= Data for the task =
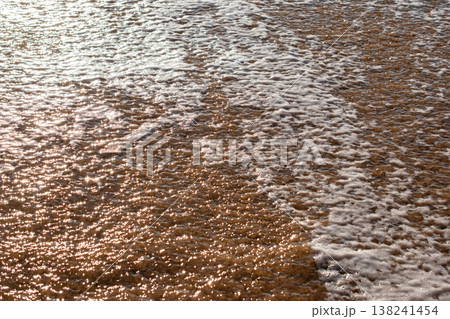 Wet Sandy Beach with Sea Foam Wet Sandy Beach with Sea Foam 138241454
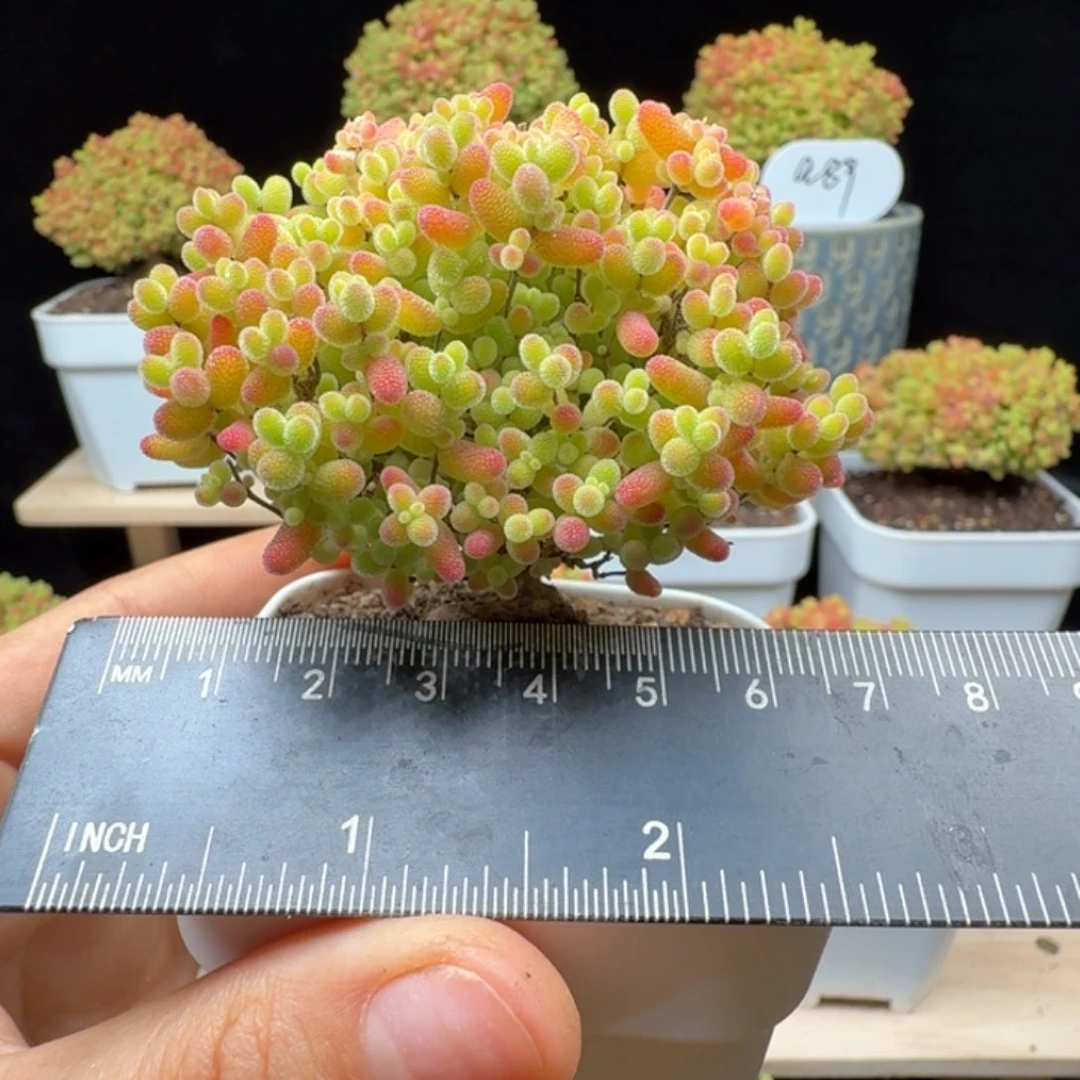 a5号蜜橘冠服6厘米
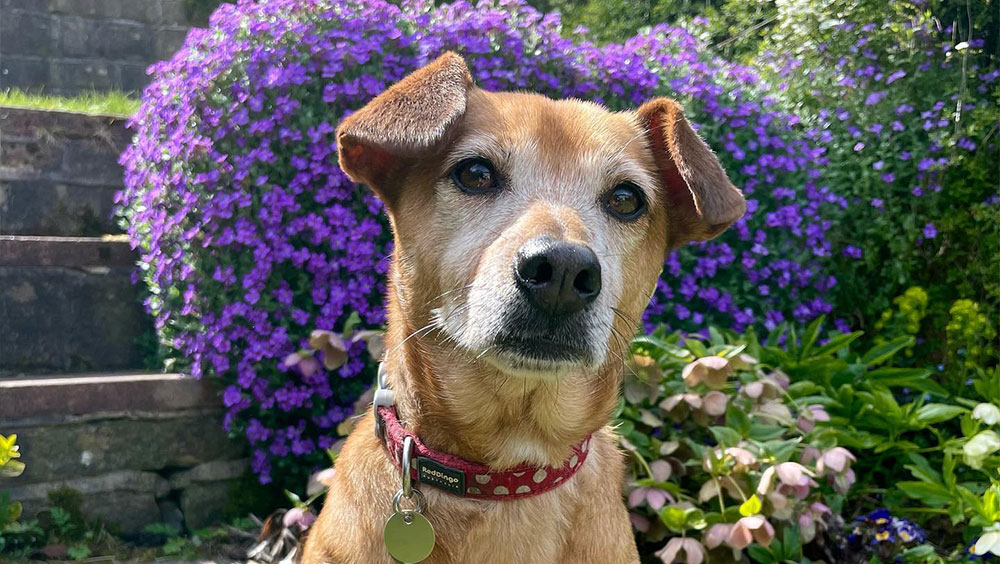 Sit, Stay, and Learn The Best Way to Clean Your Dog's Ears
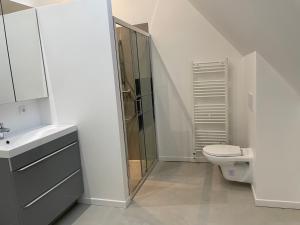 a white bathroom with a toilet and a shower at APPARTEMENT MODERNE DANS FERME DU 13éme SIECLE in Fontaine-Chaâlis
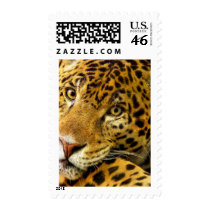 Big Cats  - 3 postage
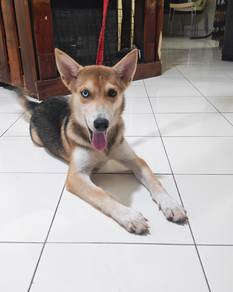 husky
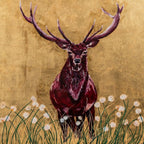 Cecil The Stag Framed & Mounted Print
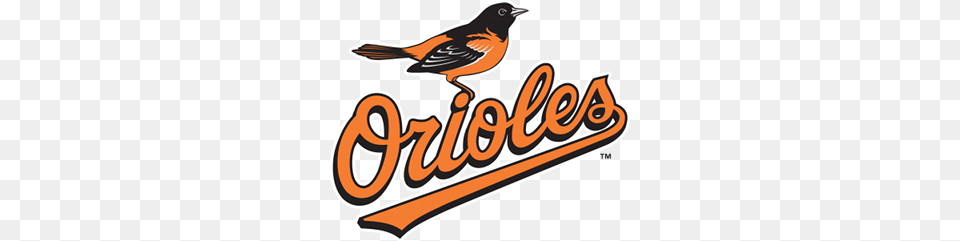 What The Baltimore Orioles And Babe Ruth Have In Common, Animal, Bird, Logo, Text Free Transparent Png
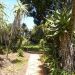 image A_Walk_Through_Lotusland_Montecito_CA_7-24-10(D)_5753_.jpg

= Exercise aim =
Leave out the pictures, and extract exactly the lines from the one with "What The Baltimore" through the end of the records, both ends included.

= Problem solution =
 What The Baltimore Orioles And Babe Ruth Have In Common, Animal, Bird, Logo, Text Free Transparent Png
 image A_Walk_Through_Lotusland_Montecito_CA_7-24-10(D)_5753_.jpg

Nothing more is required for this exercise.